2. The Unova Leaders (Gen V)
- Appearing in: Pokémon Black & Black 2, Pokémon White & White 2
- Gym Leaders (Black/White): Cilan/Chili/Cress, Lenora (Normal), Burgh (Bug), Elesa (Electric), Clay (Ground), Skyla (Flying), Brycen (Ice), Drayden/Iris (Dragon)
- Gym Leaders (Black 2/White 2): Cheren (Normal), Roxie (Poison), Burgh (Bug), Elesa (Electric), Clay (Ground), Skyla (Flying), Drayden (Dragon), Marlon (Water)
The fun part of the Unova region is that since there are Black/White and the sequels Black 2/White 2 we get to see how the Pokémon world evolves over time. Between these games as time passed, some of the leaders have gone on to other ventures and in their place new leaders have stepped in and the dynamics of each gym has changed.

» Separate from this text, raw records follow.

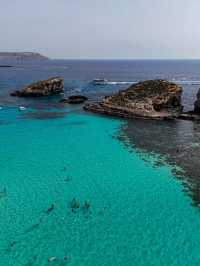 🎒🌴 Backpacker Essentials for Comino Island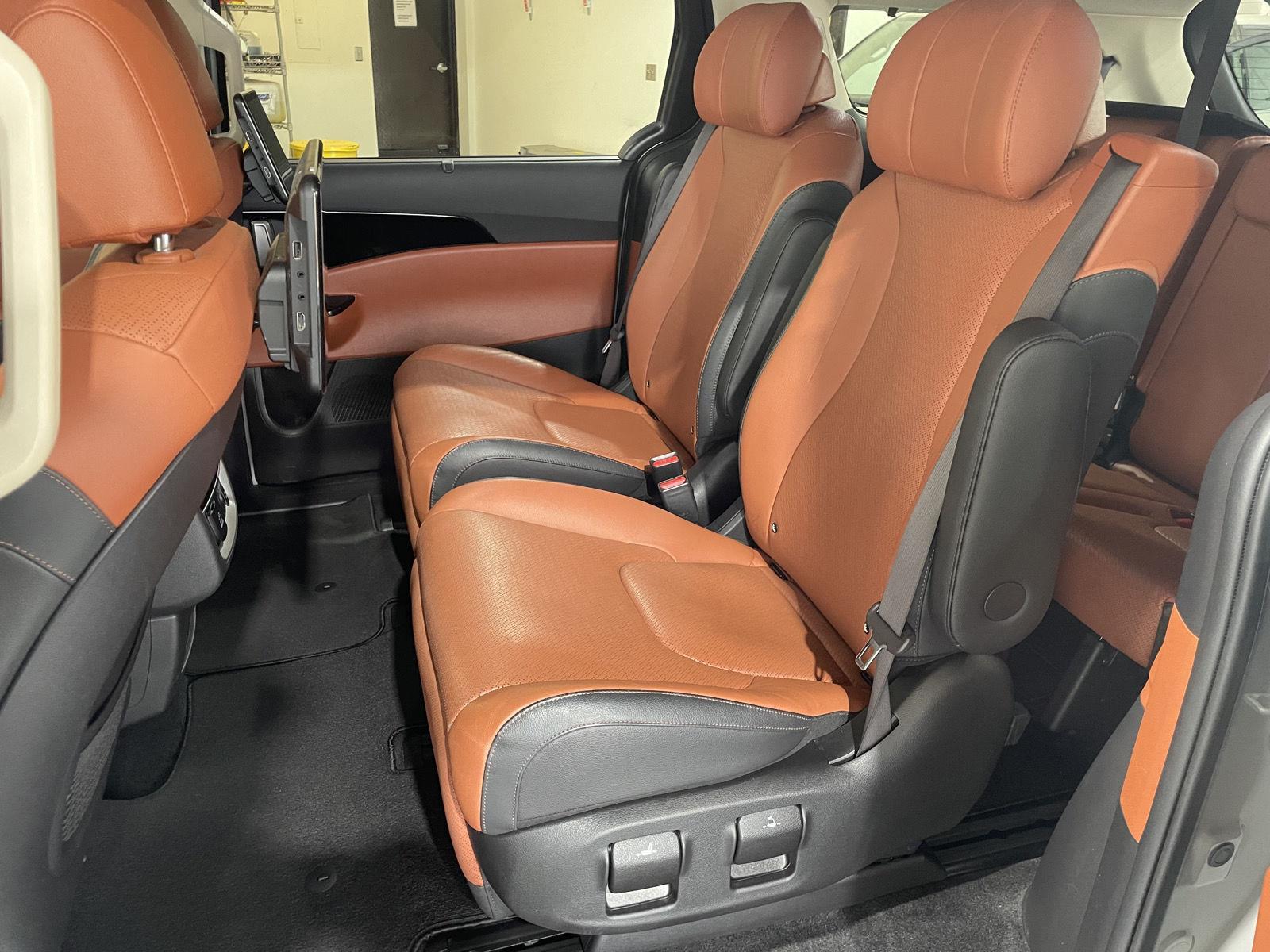Vehicle photo 20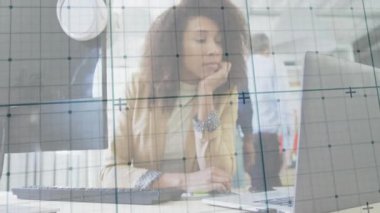 Teknoloji bürosu masasında görünen şeffaf şebeke örtüsü dirsek üzerine eğilmiş veri analiz eden kadın. İşbirliği, yenilik, teknoloji, profesyonel, modern, odaklanma, üretkenlik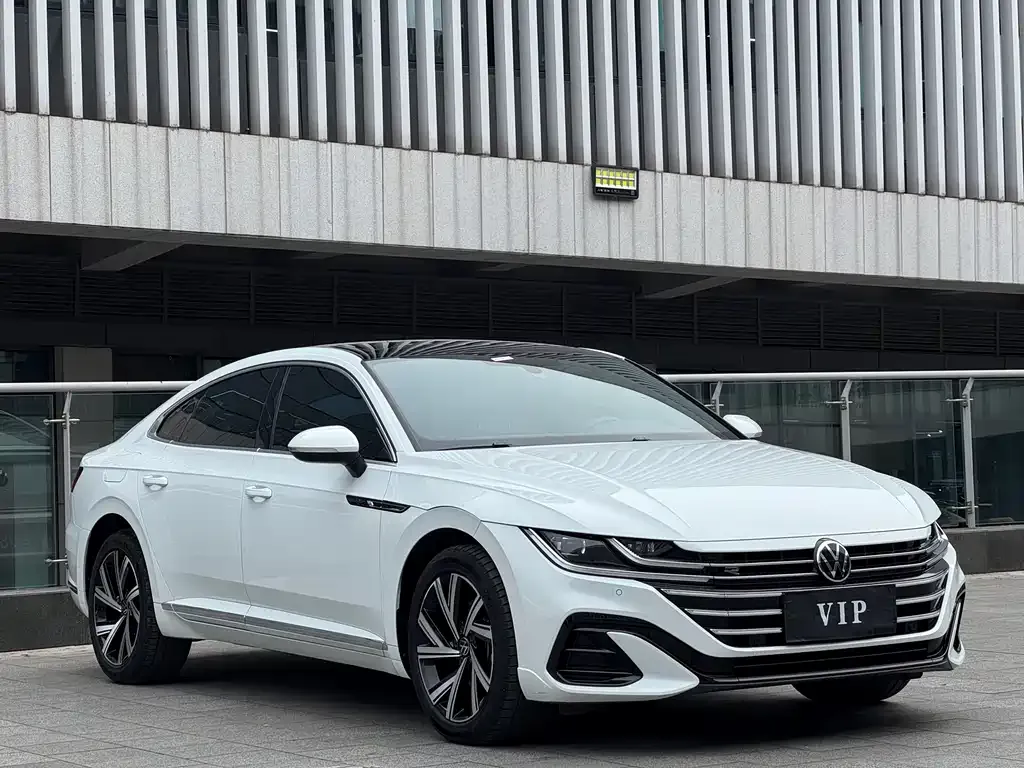 Volkswagen CC — фото 10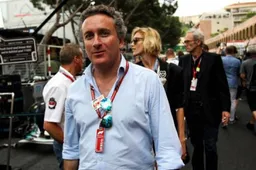 Formule E-CEO over F1: 'Zes races, zes Mercedes zeges. Niet in mijn sport'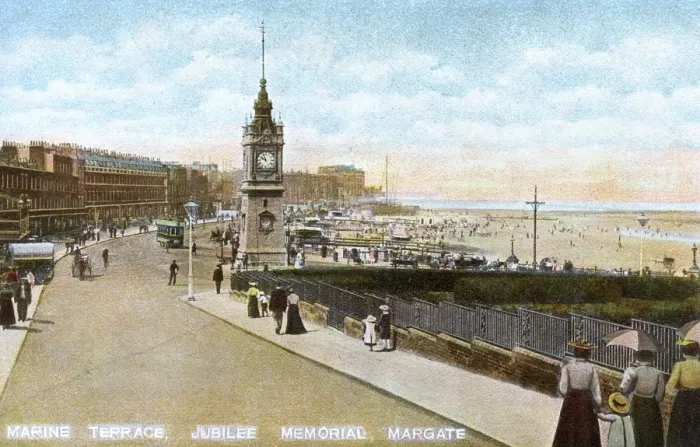 Framed Print : Jubilee Memorial on Marine Terrace, Margate, Kent Framed Print : Jubilee Memorial on Marine Terrace, Margate, Kent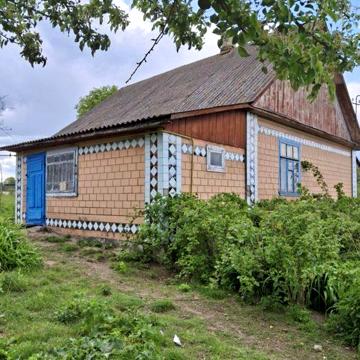 Цегляний будинок в с. Ставок Костопільський р-н, Рівненська обл.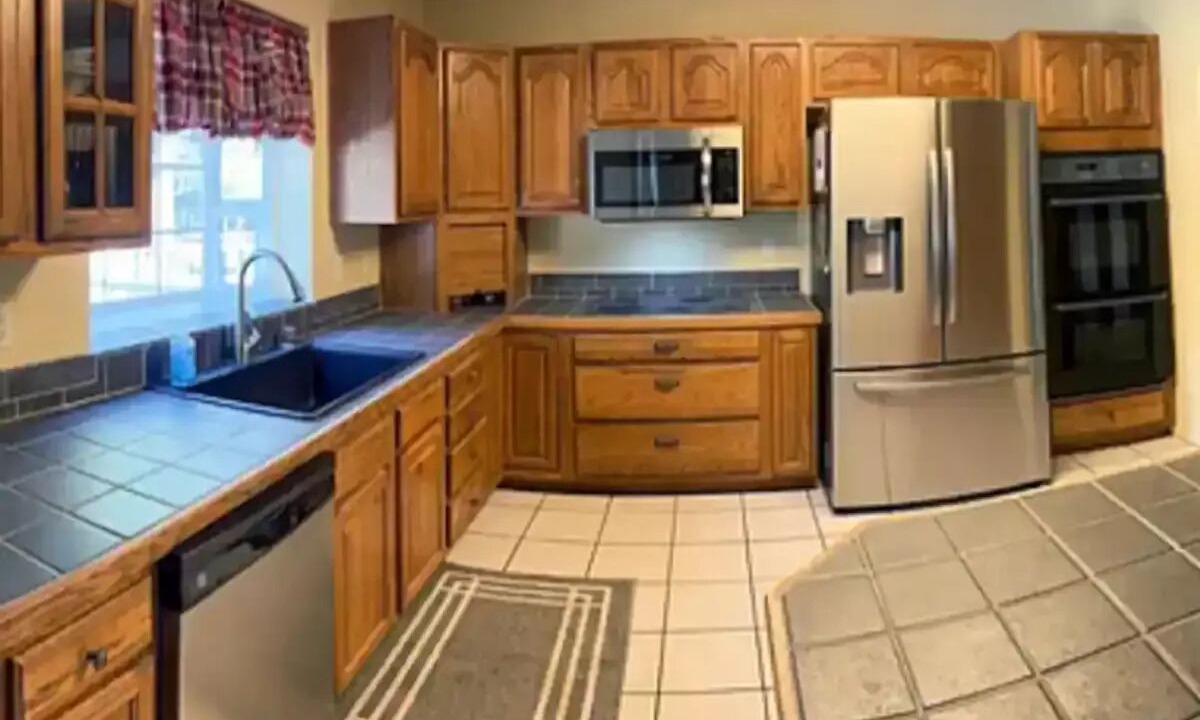 Photo of Kitchen in Susanville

The Unova leaders are tough, have personality and have a stake in the future of the world which makes each leader seem more realistic and genuine as a part of the greater gameplay.
1. The Johto Leaders (Gen II)
- Appearing in: Pokémon Gold, Pokémon Silver, Pokémon Crystal
- Gym Leaders: Falkner (Flying), Bugsy (Bug), Whitney (Normal), Morty (Ghost), Chuck (Fighting), Jasmine (Steel), Pryce (Ice), Clair (Dragon)
Considering that the leaders in Johto were introduced in the 2nd generation, it goes to prove how well they were designed as an integral part of the game itself. Throughout the game, you meet nearly every leader in some form outside of their respective gyms. Each leader seems unique with a genuine backstory and something that they ultimately offer to the gameplay in general.
The leaders in Johto also are well balanced in terms of overall types across the gyms as well as their individual Pokémon on their team. The challenge of being a trainer in Johto is that you need a balanced team as well.
So there you have it, the definitive ranking of Pokémon Gyms. How does this list compare to your favorites?
What's your favorite generation to battle?